--- START ---

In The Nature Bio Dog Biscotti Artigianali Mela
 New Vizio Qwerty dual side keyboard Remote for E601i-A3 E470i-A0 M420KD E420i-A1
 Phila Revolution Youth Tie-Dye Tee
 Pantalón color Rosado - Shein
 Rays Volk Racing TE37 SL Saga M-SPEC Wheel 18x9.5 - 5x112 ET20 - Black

--- END ---

### [Task directions]
The lines to set down, exactly and with both ends included, run from the one containing "Phila Revolution Youth Tie-Dye Tee" to the last line of the data above.

### [Answer area]
 Phila Revolution Youth Tie-Dye Tee
 Pantalón color Rosado - Shein
 Rays Volk Racing TE37 SL Saga M-SPEC Wheel 18x9.5 - 5x112 ET20 - Black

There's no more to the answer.